Lo peor es que los países se enfrentan a una dura elección, dado que oficialmente no pueden ir a la quiebra. Por un lado corren el riesgo de exclusión del mercado financiero internacional (aunque la evidencia demuestra que los países podrían superarlo rápidamente, como Rusia y Malasia hicieron a finales de 1990), mientras que por el otro pueden optar por default de facto, en el cual fingen que no han dejado de pagar los pagos correspondientes a sus préstamos existentes con dinero prestado por organismos públicos internacionales, como el Fondo Monetario Internacional y la Unión Europea, mientras negocian la reestructuración de su deuda.
El problema con esta solución es que, en ausencia de un marco legal claro, el proceso de renegociación de la deuda se convierte en largo y puede llevar a la economía a una espiral descendente. Se ha visto esto en muchos países de América Latina en la década de 1980, y lo estamos viendo hoy en Grecia y otras economías periféricas a la eurozona.
Mientras tanto, la ausencia de normas que protejan los salarios y los derechos laborales provoca que los actores más débiles –a través de la reducción en gasto social, es decir, pensiones, seguro de desempleo, subsidios – sean los más afectados. Esto crea malestar social, que a su vez amenaza a la recuperación al desalentar la inversión.
No se trata de que se condone la deuda per se al introducir una ley de bancarrota corporativa.
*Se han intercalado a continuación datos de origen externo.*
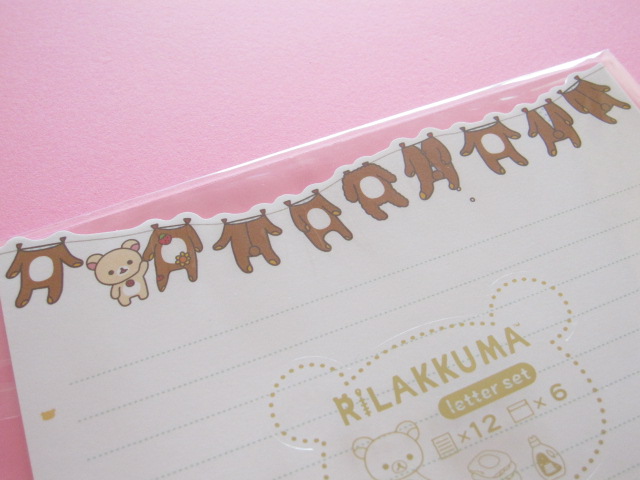 Photo: Kawaii Cute Letter Set San-x Rilakkuma*リラックマはきぐるみなんです (LH64401)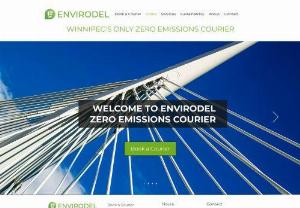 Envirodel Zero Emissions Courier - Winnipeg's First and only zero emissions courier service Book a courier today!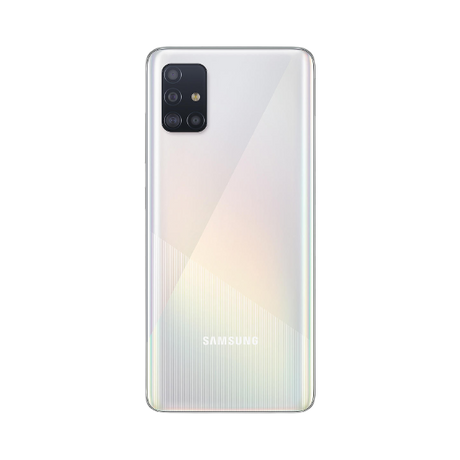 Samsung Galaxy A51 Smartphone, 4GB RAM, 6.5", 4G LTE, SIM Free, 128GB in Prism Crush White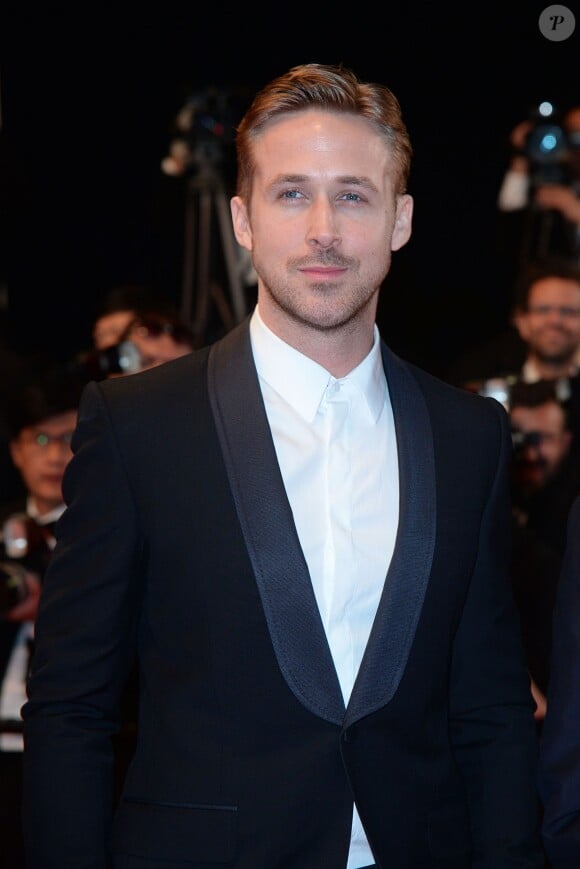 Ryan Gosling - Montée des marches du film "Coming Home" lors du 67e Festival du film de Cannes le 20 mai 2014
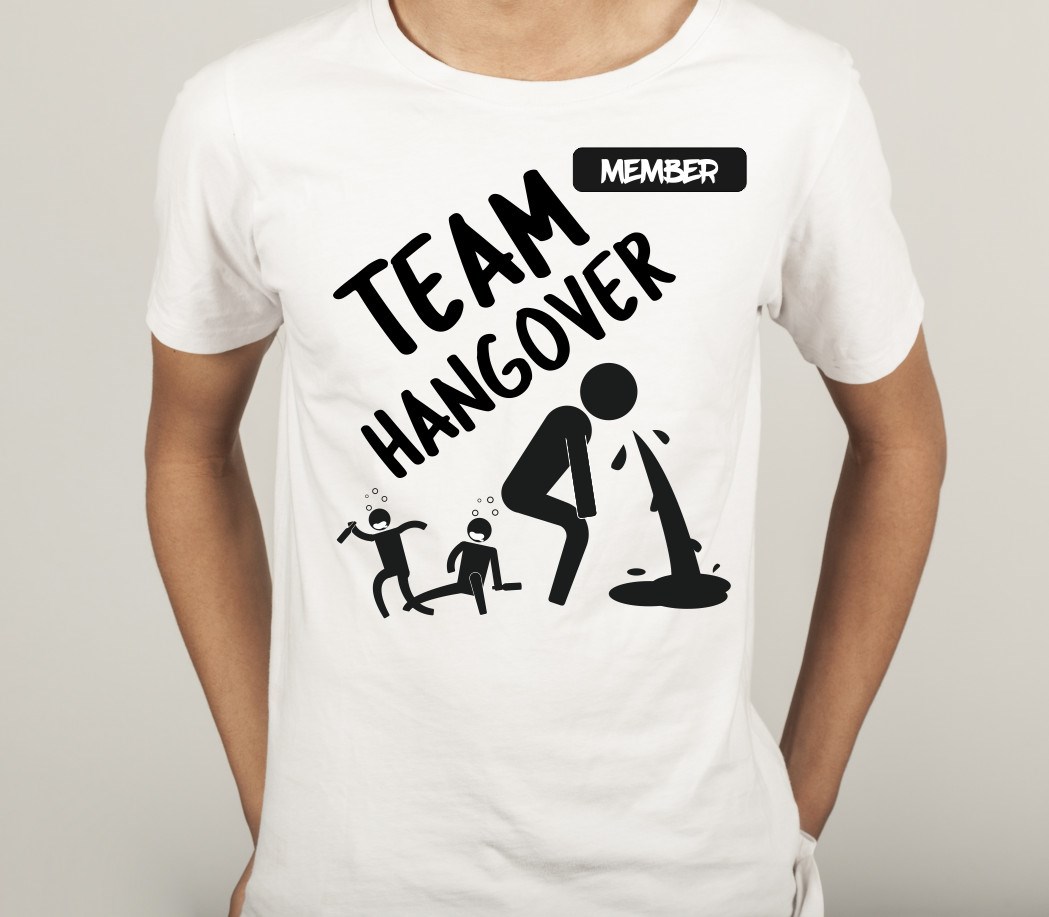 Polterabend Shirt fürs TEAM: Team Hangover - Member
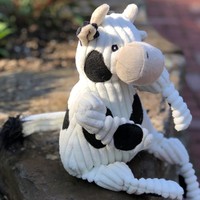 HuggleHounds® Dottie Cow Knottie® - XS/S/L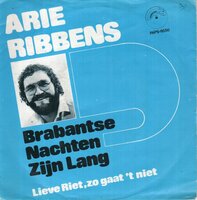 Arie Ribbens - Brabantse nachten zijn lang + Lieve Riet zo gaat het niet (Vinylsingle)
Es porque se ha reconocido que en el largo plazo, los acreedores –y la economía en general, también– podrían beneficiarse más con una reducción en la carga que provoca la deuda sobre las naciones, y que esto sirva para una reestructuración y un nuevo comienzo en lugar de provocar una desintegración de manera desordenada.
Ya es hora de que se apliquen los mismos principios a los países y que se introduzca una ley de quiebra soberana.